Anime, videogames, music… If it’s collectible, you’ll find it in Akiba. Entire multilevel department stores where each floor is dedicated to a different type of geekery: collectible figurines, card games, anime, J-Idol music, videogames, military memorabilia, dolls, construction kits, you name it.

“Gachapon!” machines

Fortunately, Akihabara was very close to Ayase, a few stops and a single change on the metro got us there in less than twenty minutes. On surfacing, the grey skies and threat of rain couldn’t dampen our spirits. We were in the home of geek culture.

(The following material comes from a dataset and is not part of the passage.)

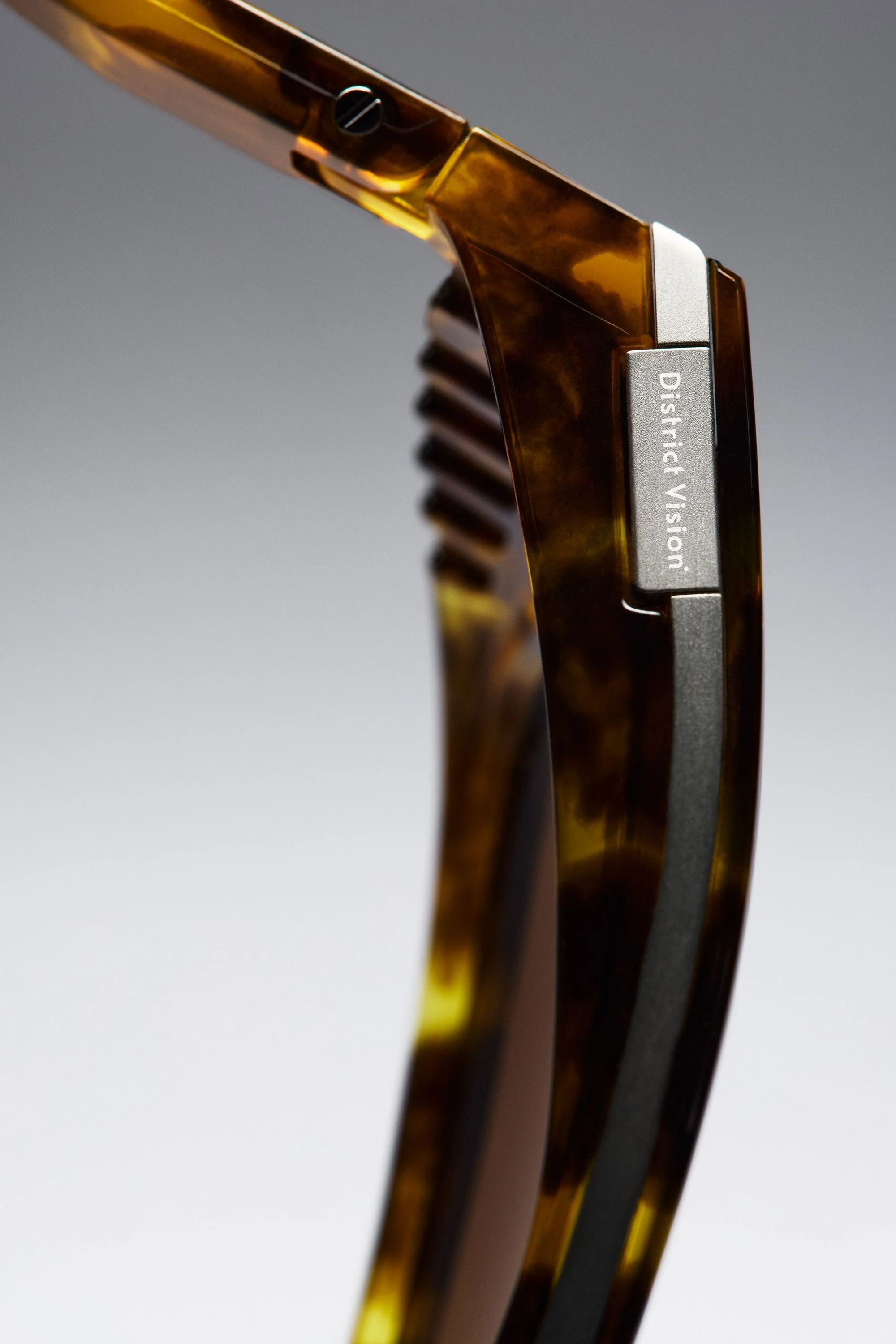 DV + AW Keita Summit Ti Dark Tortoise, D+ Earth Vision - Image 7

The Manga floor in Radio Kaikan

We found some of the world’s rarest trading cards on sale for nearly £100,000; we found figurines from our favourite videogames and anime; we found everything we could ever have dreamed for to feed our inner geek. I picked up a Japanese copy of a videogame that I wanted that wasn’t out in the UK yet, and a construction kit to build a tank from another of my favourite videogames. Dan and Lee both picked up some figurines and manga.

A Doll Shop in Radio Kaikan

We had considered grabbing lunch in a Maid Cafe, an establishment where one pays a table fee in addition to the meal, in order to have cute Japanese girls (usually dressed as maids, or with cat ears etc) wait upon you and have proper conversations beyond what we would expect from a waitress. This sounds sexual and creepy but it’s not meant to be, it’s just a part of the culture and a sort of strange roleplay situation. Since we barely spoke any Japanese, we decided against it and instead opted for lunch in a little corner cafe. We placed our order with a vending machine by the door (paying with my metro card was a novelty), sat down and ate ramen and katsu curry.

Lee tries his hands at a Japanese rhythm game

Arcades are something that, here in the UK, are sadly dying out completely. Gone are the days of pumping coins into the nearest Street Fighter machine. In Akiba, not so at all. We got to play games like Tekken 7 and Dissidea that aren’t even out in the UK yet, alongside classic rhythm game machines like Project Diva Arcade. The thunderous roar of arcade machines is something I’ve dearly missed, and I could have spent days, and tens of thousands of yen in those places.
Eventually, long after the sun had set, we perched our weary feet outside Cafe Excelsior with strawberry and banana smoothies. We sat crowd watching whilst we used our guide books and the WiFi box to make further plans, before heading back to Ayase to rest.